Tuesday, January 09, 2007

Segundos

Foi há dias atrás. Era um momento raro, no qual se tornou evidente a urgência de passar para o papel algo importante demais para ser deixado no computador. Estava indo buscar folhas para alimentar a impressora (não sei como ela não morreu de inanição ainda) e então veio aquele lampejo imbecil.

Provaria ao meu intelecto cínico e moldado pelo modo de vida capitalista a capacidade de preservar ainda algumas trincheiras. Construiria a obra máxima da engenharia aeronáutica infantil. Antes de iniciar os trabalhos, a confiança era total, nem sequer um segundo de hesitação seria registrado.
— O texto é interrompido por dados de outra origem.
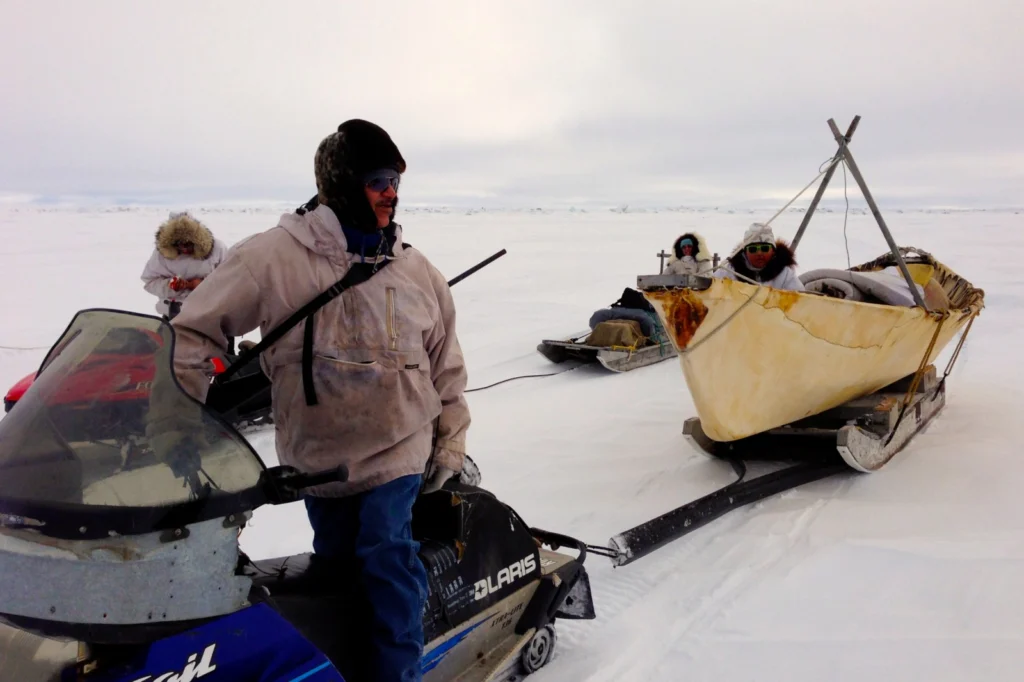 Man on snow machine looks bake to the canoe he is towing across ice.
Meros quinze anos não poderiam apagar a certeza e a habilidade praticamente tatuadas nas profundezas da minha alma, tão densas como o intelecto de um ex-BBB.
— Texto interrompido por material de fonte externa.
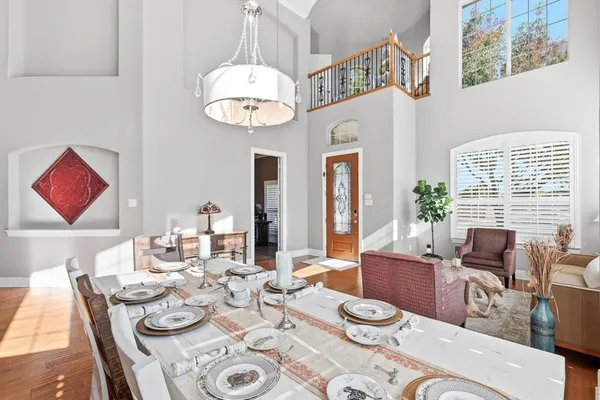 a view of a dining room with furniture wooden floor and chandelier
O momento da primeira dobra no papel ainda estava encardido pela auto-confiança, e, por alguns momentos, a situação continuou assim, até ser seriamente abalada pela segunda manobra. A terceira tornaria inviável toda a sustentabilidade do projeto, tornando obrigatória a reconstrução do modelo. As cerca de quatro tentativas posteriores revelaram minha total inaptidão em elaborar um avião de papel que permanecesse no ar por aqueles poucos e infinitos segundos.

A frustração era inédita, os aparatos da vida moderna não preparam o ser humano para algo assim. Claro que bastaria abrir o Google e resolver tudo sem muita queima de neurônios. Sem muito esforço, poderia até ter encontrado informações na internet sobre modelos com as mais bizarras matérias-primas, de árvores de reflorestamento a rolos de papel higiênico. Até simulação do 11 de setembro em versão celulose já deve estar rolando no Youtube..

A coisa toda era um pouco mais complicada. Mais do que resgatar as habilidades infantis na construção aeronáutica, precisaria buscar algo mais importante: talvez criatividade, inocência ou, sei lá, um psiquiatra. Uma coisa era certa: teria que pensar por mim mesmo.

Fora de cogitação. Hoje em dia, não ter alguém te dizendo o que fazer o tempo todo é perder o norte do caminho rumo à Ilha de Caras. Como eu manteria meu tão descolado estilo de vida? Que chances eu teria no próximo Big Brother?

Preferi transformar o promissor projeto em uma bola de papel e arremessá-la longe com certa raiva e uma melancolia bem específica. Aposto que voou mais tempo do que voaria o maldito aviãozinho. Mesmo assim, foram poucos segundos, mas dessa vez, nem um pouco eternos. Saudades da infância.